Le ministre de la Défense Avigdor Liberman s’est exprimé mardi en défaveur d’une proposition visant à faire passer la durée de service militaire obligatoire pour les hommes de 32 mois à 30.

Cette proposition avait été approuvée par la Commission des Affaires étrangères et de la Défense de la Knesset au début du mois de décembre. Elle attend maintenant de passer en deuxième et en troisième lecture devant l’assemblée avant de pouvoir devenir une loi. Si elle est adoptée, cette réduction du temps de service militaire commencera à s’appliquer en 2020.

Il s’agirait de la deuxième réduction du temps de service pour les hommes au sein de l’armée israélienne ces dernières années. Au mois de juillet 2015, les hommes avaient demandé que leur période de service obligatoire passe de 36 à 32 mois.

Mais Liberman a expliqué qu’un service militaire moins long ne pouvait être une alternative acceptable.

“J’espère que nous sommes aptes au dialogue et que nous pourrons trouver un accord avec la Trésorerie concernant la durée du service militaire,”, a-t-il indiqué. “Après une étude attentive, un service de deux ans est inacceptable”.

Avigdor Liberman, le 5 janvier 2014, à Jérusalem (Crédit : Flash 90)

Avigdor Liberman, le 5 janvier 2014, à Jérusalem (Crédit : Flash 90)

“A mon avis, nous devrions revenir à 36 mois”, a ajouté Liberman.

L’amendement proposé entre dans le cadre de ce qui est connu sous le nom de Loi sur les arrangements, une législation présentée chaque année par le gouvernement contenant les projets de loi et les mesures nécessaires pour garantir le maintien du budget.

Selon les prévisions faites par l’armée, la baisse récente à 32 mois et la réduction à venir à 30 mois du service militaire auront pour conséquence une baisse notable du nombre de soldats hommes servant au sein de Tsahal ces prochaines années.

Les chiffres présentés par la direction chargée des Ressources Humaines le mois dernier ont montré une chute significative des recrues à de nombreux postes cruciaux en résultat du nouveau service de 32 mois, notamment du nombre de soldats dans les unités de combat, des chauffeurs, des militaires au sein des unités informatiques et des officiers.

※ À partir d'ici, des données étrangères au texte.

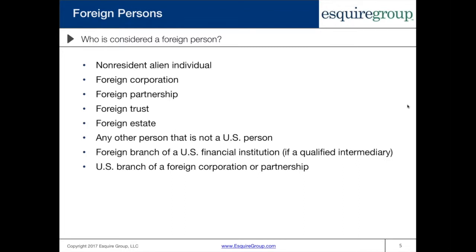Let's clarify the definition of a foreign person. A foreign person includes non-resident aliens — an individual who is not a U.S. citizen, a U.S. green card holder, or a U.S. resident. So essentially, if someone is living outside of the United States and is not a green card holder or a citizen, this is probably them. A foreign person also includes a foreign corporation, foreign partnership, foreign trust, foreign estate, any other person that is not a U.S. person, foreign branches of a U.S. financial institution, and a U.S. branch of a foreign corporation or partnership.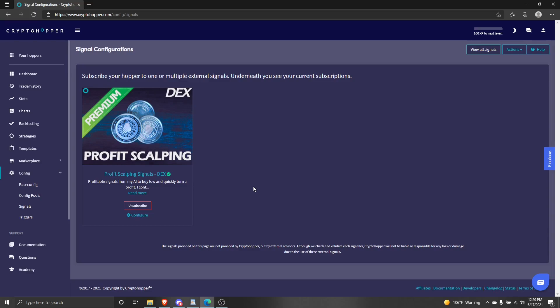It should be noted if you ever re-upload your template, you will have to go and apply your signals to your hopper once again.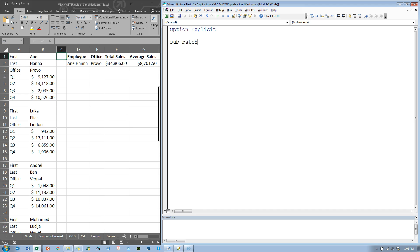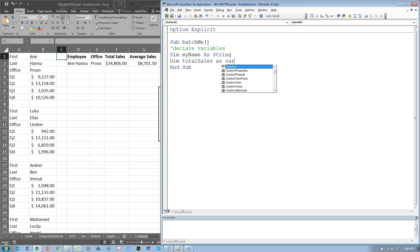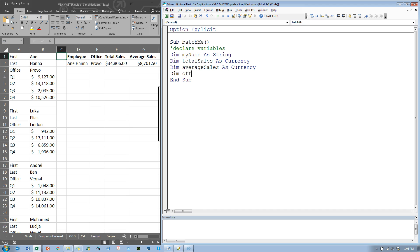Let's create a sub called BatchMe. First thing we need to do is declare some variables. We'll have: Dim myName As String, Dim totalSales As Currency, Dim averageSales As Currency, and Dim myOffice As String — using 'myOffice' since 'office' might be a taken word in Microsoft Office. That should about do it for now; we might have to come back and add a couple more variables.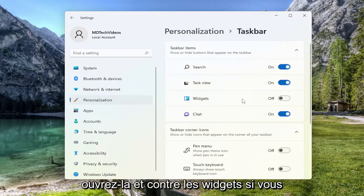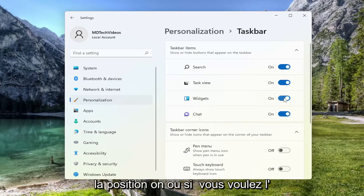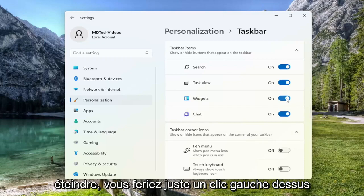And where it says Widgets, if you want to enable or allow for the display of widgets in your taskbar, you toggle to the on position. Or if you want to turn it off, you just left click on it to toggle it off.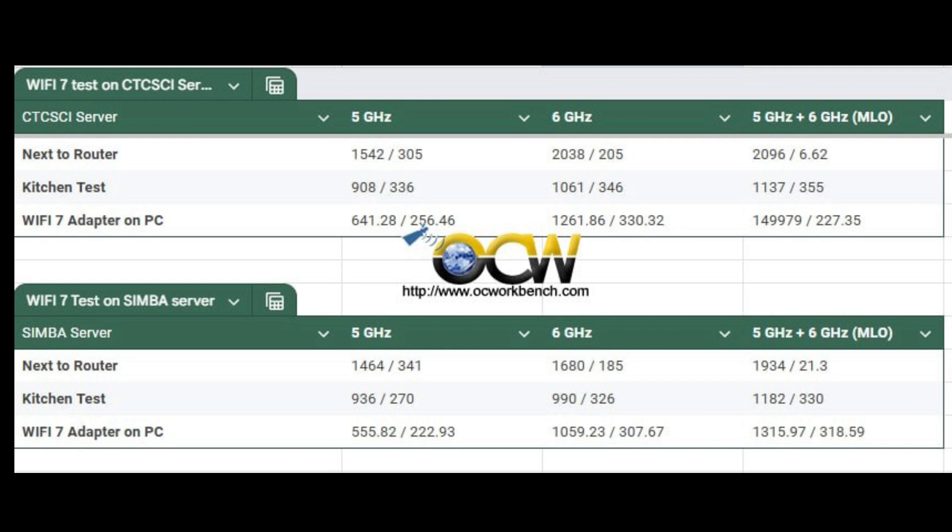It can be clearly seen from the chart that when we use the MLO mode from combining 5 GHz plus 6 GHz, we get a speed boost in the speed test results.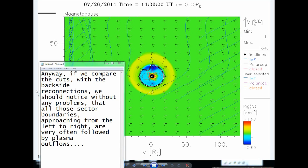If we compare the cuts with the backside reconnections, we should notice without any problems that all those sector boundaries approaching from left to right are very often followed by plasma outflows.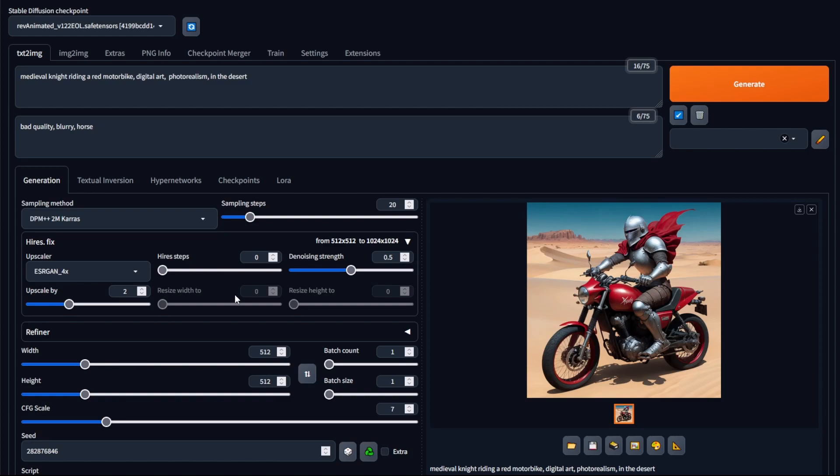If the person really likes the base image that they're generating, then using an upscaler makes more sense as the image is not actually changed. And if a person has generated an image that they don't mind being changed slightly when upscaled, they can use high-res fix and get the desired image they want.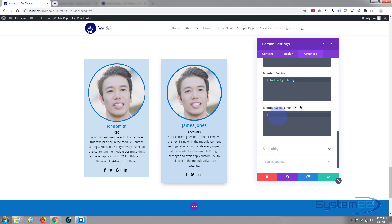So there you have it — that's how to create a nice little team member section with the person module. I hope you found that useful. If you have, please give it a thumbs up, share, and subscribe to our YouTube channel. If you're interested in web development, check the links below — we've got great free web development courses as well as premium courses with huge discounts for our YouTube subscribers. Once again, this has been Jamie with System 22 and Web Design and Tech Tips. Thanks for watching — have a great day!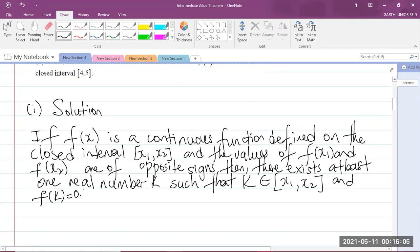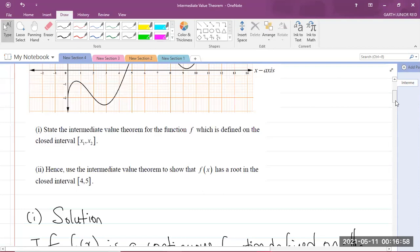Let me refresh your memory on what the Intermediate Value Theorem says. If you're given the graph of a continuous function defined on a closed interval, and the values of f of x₁ and f of x₂ are of opposite signs — meaning one is negative and the other is positive — then we can say there exists at least one real number k. It can be more than one, but the theorem says at least one, such that k is a member of the closed interval and f of k equals 0. f of k equal to 0 means that when you substitute that x value into the function you get 0, meaning you have a root — so x equals k will be the root. We have successfully answered the first part of the question.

Et pourtant, le Brigadier Général Eran Shani, chef des ressources humaines au sein de l’administration éponyme, a assuré aux membres de la Commission que la sécurité en Israël ne serait pas affectée par la baisse du nombre global des soldats enrôlés, la force de combat totale de l’armée étant constituée à plus de deux-tiers de réservistes.

“Les guerres sont décidées par la réserve, pas par l’armée permanente”, a expliqué Shani à la Commission le mois dernier.

“L’armée serait contente d’avoir des soldats… Mais il y a d’autres choses dont le pays a besoin”, a-t-il ajouté.

Le Parlementaire Eyal Ben-Reuven à la Knesset le 29 mars 2015 (Crédit : Miriam Alster/FLASH90)

Le Parlementaire Eyal Ben-Reuven à la Knesset le 29 mars 2015 (Crédit : Miriam Alster/FLASH90)

Les membres de la Commission Amir Ohana and Rachel Azaria, respectivement issus du Likud et de Koulanou, ont salué cette mesure, notant son influence potentiellement positive sur l’économie israélienne, plus de citoyens pouvant rejoindre le marché de la main-d’oeuvre ainsi que son impact immédiat sur les soldats en tant qu’individus.

Toutefois, même si cette législation a avancé, elle n’a pas échappé aux critiques.

A travers tout le débat général qui a eu lieu sur le sujet, Eyal Ben-Reuven, issu de l’Union Sioniste et membre de la Commission, qui est également ancien général de Tsahal, a exprimé ses réserves face à l’approbation d’une telle loi alors que l’Etat-Major de l’armée doit encore mener une enquête poussée sur toutes ses ramifications.

“Sans une étude correcte conduite par l’armée israélienne qui puisse définir ce dont elle a besoin et ce qu’elle veut pour les années en question, ce n’est pas encore le moment d’adopter cette loi”, a expliqué Ben-Reuven au cours d’une discussion sur le sujet le mois dernier.